The high-voltage style, comic-strip colours and eye-watering price tags of this Italian collective changed the world of design – what better place for an exhibition than modernist Milton Keynes?

With its comic-book colours, gaudy patterns and paper-thin veneers, the work of Italian design group Memphis has rarely looked as at home as it does in Milton Keynes. The first glimpse you get of the garish thrills in store in this new exhibition is through a big picture window, punched into the side of the corrugated mirror-polished box of the MK Gallery. Shining out between the building’s bright yellow loading bay and red spiral staircase stands the Carlton, a bookcase-cum-room-divider-cum-shamanic-totem, in all its crazed glory. Designed by Ettore Sottsass in 1981, and collected by the likes of David Bowie, Karl Lagerfeld and Cara Delevingne, it has become the symbol of a brief moment in Milan when a group of designers stuck two fingers up at good taste – and changed the world of design for the next four decades.

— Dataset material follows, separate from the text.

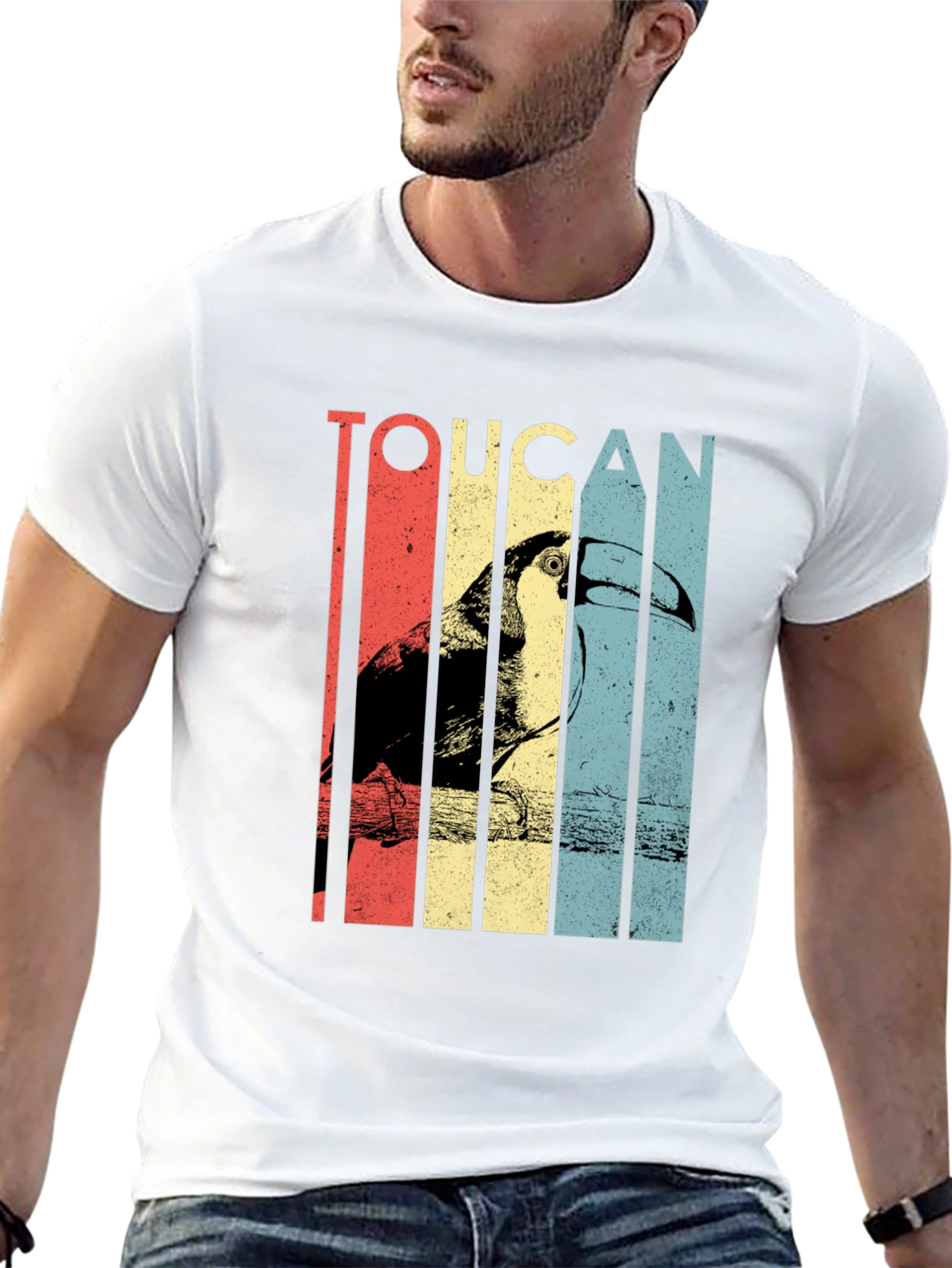 Toucan Graphic Tee - Retro Style Black T-Shirt
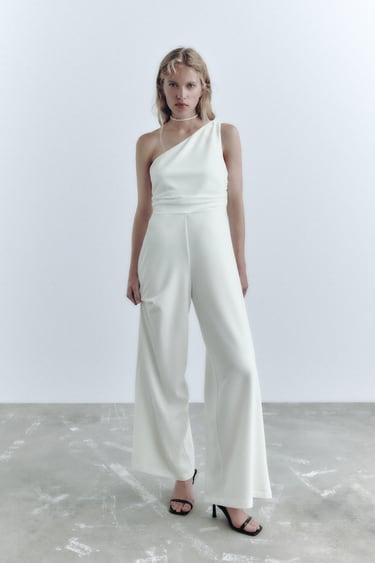 Image 0 of ASYMMETRIC JUMPSUIT WITH PLEATS from Zara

For its UK showing, this touring exhibition couldn’t have picked a better location. “Part of our role,” says the MK Gallery director, Anthony Spira, “is to remind people that Milton Keynes comes from a really interesting cultural moment.” Before you snort, he’s got a point. The planners of this denigrated new town were plugged into the avant garde of contemporary design and radical urban theory in the 1970s. “They were reading Domus magazine in the development corporation,” he says. “I’ve always thought of the mirror-clad grid of Station Square as a homage to Superstudio [a radical Italian architecture group].”